As well as not being regulated under the state wetland rules, the small
wetland on the Fox parcel also is not functionally significant; that is, it provides
28
minimal wetland functions. The installation of the stormwater detention pond and
its associated piping on the Fox parcel will temporarily affect 152 square feet of the
wetland due to grading, and 2,460 square feet of the wetland due to the installation
of the outlet piping through it. Although these impacts are smaller than that
required to obtain a permit from the U.S. Army Corps of Engineers, Applicants
obtained permit # NAE-2008-979, ruling that the activity will have “only minimal”
environmental impacts, and approving those wetland impacts. Applicants’ Ex. R1.
Regardless of the fact that it has been the practice of the DRB to interpret
§ 403(A)’s references to an “identified or functionally significant” wetland to mean
only those wetlands identified on the Town’s official maps, the wetland on the Fox
parcel is neither identified on a map nor functionally significant, and therefore
§ 403(A) does not apply. However, as a practical matter, the whole project requires
conditional use approval in these proceedings, including any aspects of the
stormwater detention pond that affect the wetland or its buffer. Moreover,
Applicants obtained Conservation Commission approval of the work, meeting the
requirements of § 403(A).
Vondell Brook is a tributary of the Ottauquechee River that runs adjacent to a
portion of the Fox parcel. In this area Vondell Brook is not in a natural state. From
at least the school/arena driveway to below the Fox parcel, both banks of Vondell
Brook have been raised by grassed berms.
The detention pond is located more than 50 feet from the top of the stream
bank, and the area between is vegetated, providing a 50-foot vegetated buffer for the
stream bank. Where it adjoins the Fox parcel, the banks of Vondell Brook have no
mature riparian trees; the bermed banks are protected by grasses in that location. At
the school/arena driveway, Vondell Brook runs in a 60”-diameter culvert; below the
Fox property, near the property of Menotti, Vondell Brook runs in a constricting 24”-
diameter culvert, which is meant to function in times of high flow or flooding in
29
Vondell Brook by backing up and diverting some of the flow southerly along a berm
on the high school property directly towards the Ottauquechee River.
The stormwater detention system is designed to conduct the runoff from the
Development Area of the 8-acre project parcel across Route 4 and into the detention
pond. Stormwater from the northwesterly upland portion of the 8-acre project
parcel, above the diversion ditch, is designed to run in a separate pipe across Route
4, bypassing the detention pond. The upland stormwater pipe and the outflow from
the detention pond are connected below the detention pond, and flow together to
Vondell Brook through a 24”-diameter pipe to be installed through the berm. The
overflow system is designed with a headwall and stone reinforcing above and
outside the ordinary high water mark, so that the stream bank will be protected
from erosion both during normal operation and high water flow conditions..

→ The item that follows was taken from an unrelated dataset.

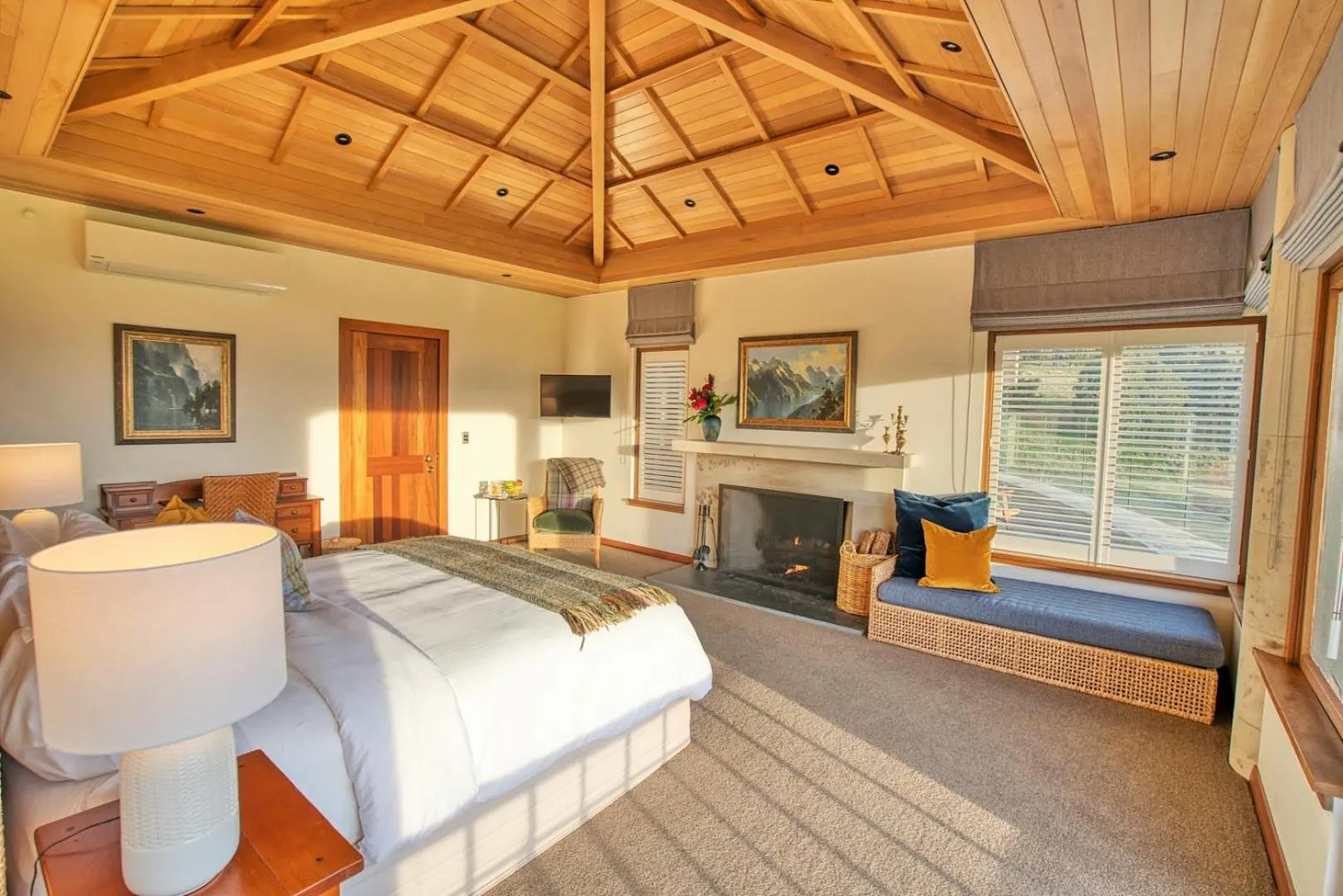 Bedroom, Bed in Cabot Lodge - Fiordland National Park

Nothing about the development on or adjacent to the banks of the stream will
endanger the health, safety or welfare of the public or of adjoining landowners.

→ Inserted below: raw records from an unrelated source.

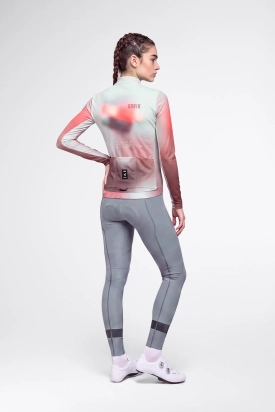 JAKNA VANTAGE WOMAN FLANK GOBIK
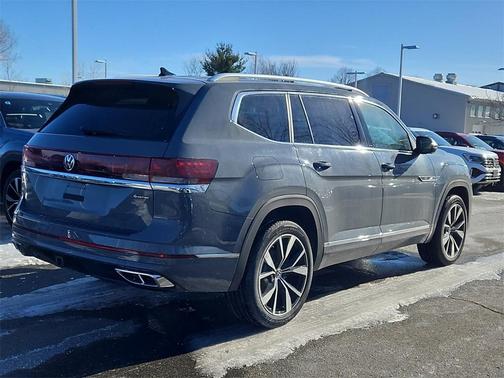 2025 Volkswagen Atlas 2.0T SEL Premium R-Line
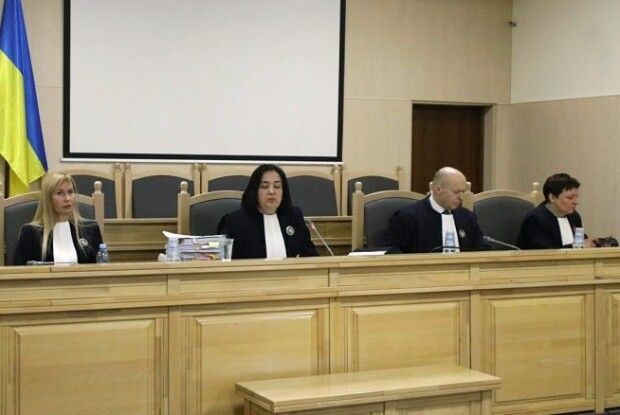 Влада штучно затягує процес: представниця президента не прийшла у Верховний Суд щодо санкцій Порошенка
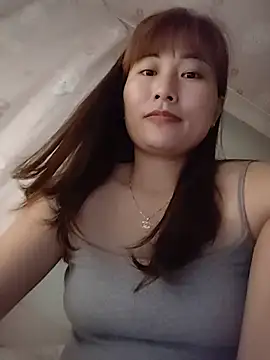 Snapshot of Lucxy-ki6 chatting on June 8, 2026, 1:28 am Lucxy-ki6 online show from June 8, 2026, 1:28 am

Accordingly, the stormwater system design on the Fox parcel meets the
requirements of Act 250 Criterion 1(E) (10 V.S.A. § 6086(a)(1)(E)) and the municipal
requirements as to protection of the stream and stream bank.
Existing Water Supplies - Act 250 Criterion 3
Act 250 Criterion 3 (10 V.S.A. § 6086(a)(3)) requires that the proposed project
“not cause an unreasonable burden on an existing water supply, if one is to be
utilized.” The water supply for the project will be supplied by the Woodstock
Aqueduct Company from an existing water main in the Route 4 right-of-way; it has
allocated ample supplies to serve the project and Appellants do not challenge the
adequacy of the water supply for the project.

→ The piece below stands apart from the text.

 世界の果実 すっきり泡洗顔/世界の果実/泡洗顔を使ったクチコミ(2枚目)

However, the Woodstock Aqueduct Company also currently provides the
water supplies for Appellants Burroughs and Appellants Richard and Roberta Roy
30
through existing water lines that cross the project property. Applicants propose to
relocate both water lines due to the construction of the project, at Applicants’
expense. Appellants challenge Applicants’ rights to relocate the water lines, both in
these proceedings and in the Civil Division of Superior Court. They presented
evidence at trial in support of their arguments that the relocation will unreasonably
burden Appellants Burroughs and Roy. In addition, by letter filed August 1, 2011,
Appellants suggest that, if the decision of the Superior Court Civil Division as to the
Smith spring rights becomes final, it should preclude this Court’s approval of the
application. However, this Court has already noted that any disputes among the
parties regarding the parties’ respective property rights, including Applicants’ rights
to relocate these water lines, must be resolved in the Civil Division of the Superior
Court and are not before this Court.
The existing Roy water line is plastic and was therefore difficult to locate
exactly. It runs generally westerly of the Grange building near the English property
line and extends onto and across the English property to the Richard and Roberta
Roy house. Applicants propose to provide Appellants Roy with a temporary water
line during construction, and to provide them with a replacement new copper water
line close to the current location of the existing water line. The replacement service
will provide water at at least the existing level of pressure, quantity and quality.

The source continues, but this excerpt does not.